Caption-style text data

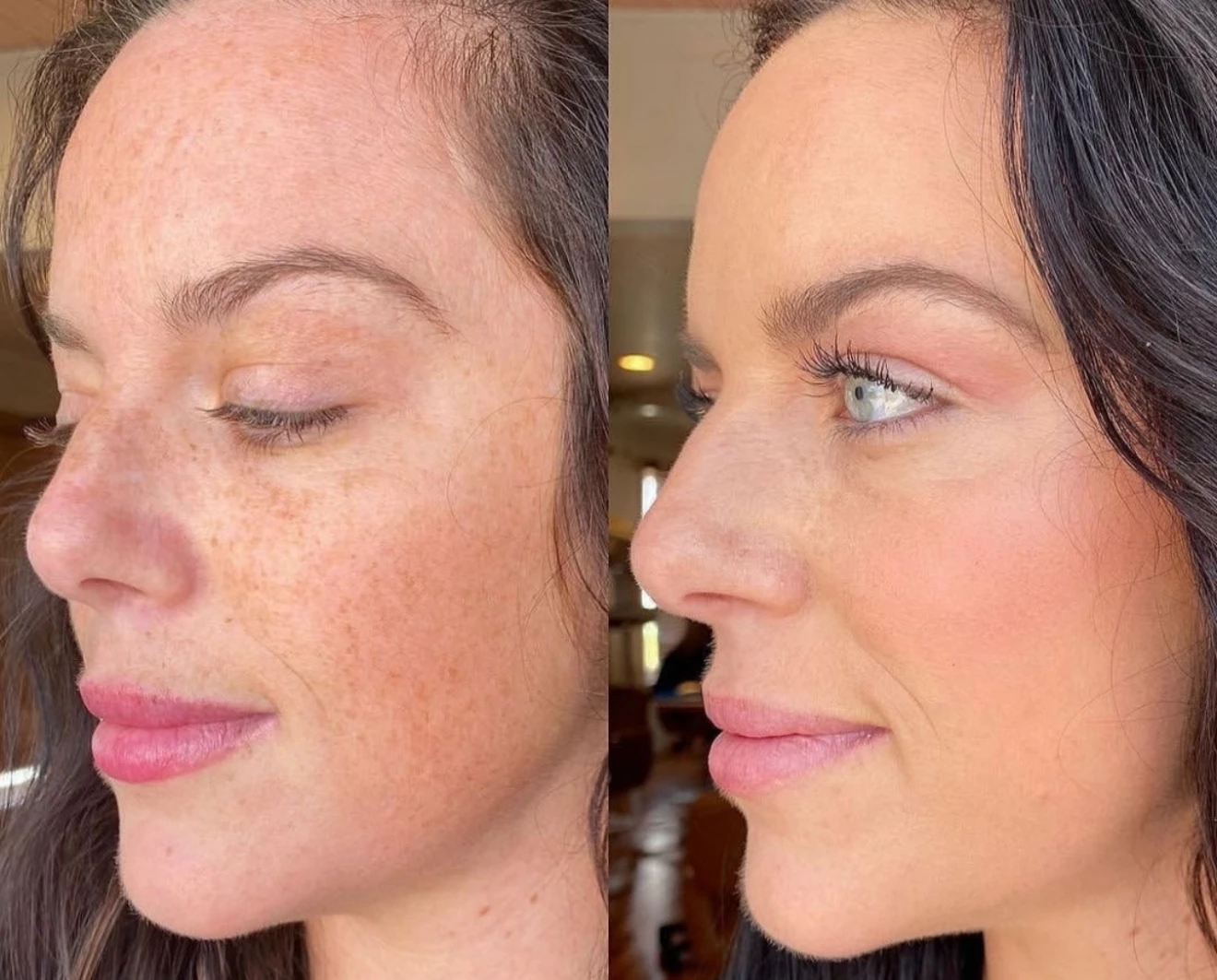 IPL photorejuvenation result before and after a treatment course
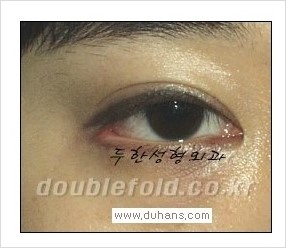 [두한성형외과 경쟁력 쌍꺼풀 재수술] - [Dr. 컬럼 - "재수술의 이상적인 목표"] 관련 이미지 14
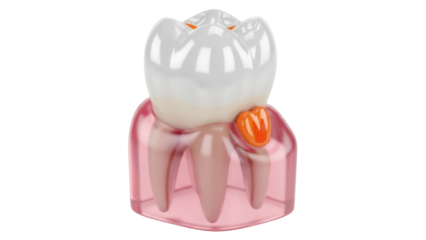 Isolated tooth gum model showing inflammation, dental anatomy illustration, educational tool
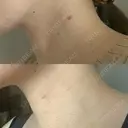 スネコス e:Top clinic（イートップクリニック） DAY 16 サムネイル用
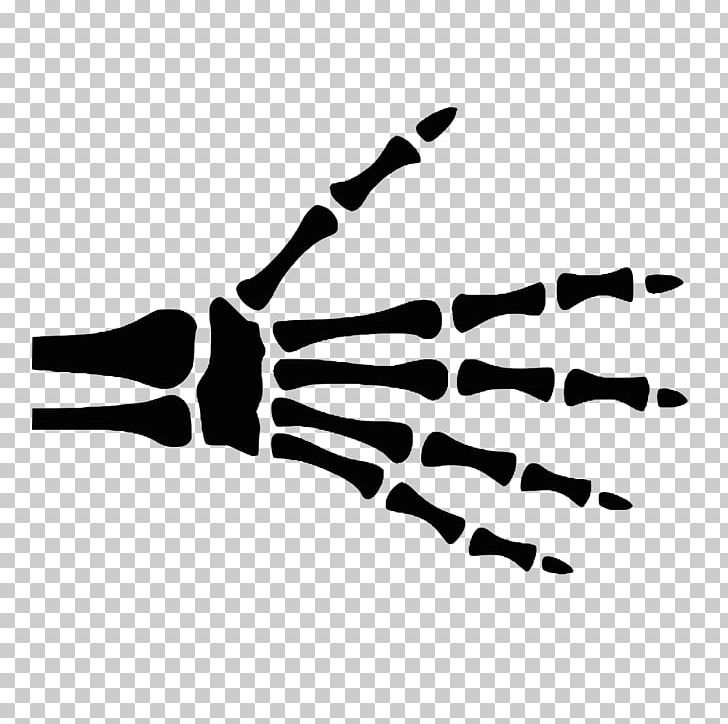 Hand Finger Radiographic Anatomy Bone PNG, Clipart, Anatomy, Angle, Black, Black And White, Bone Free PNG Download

#### What is being asked:
The line that contains "[두한성형외과 경쟁력 쌍꺼풀" begins the range and the last line of the entries ends it; print that range exactly, without pictures.

#### Output:
 [두한성형외과 경쟁력 쌍꺼풀 재수술] - [Dr. 컬럼 - "재수술의 이상적인 목표"] 관련 이미지 14
 Isolated tooth gum model showing inflammation, dental anatomy illustration, educational tool
 スネコス e:Top clinic（イートップクリニック） DAY 16 サムネイル用
 Hand Finger Radiographic Anatomy Bone PNG, Clipart, Anatomy, Angle, Black, Black And White, Bone Free PNG Download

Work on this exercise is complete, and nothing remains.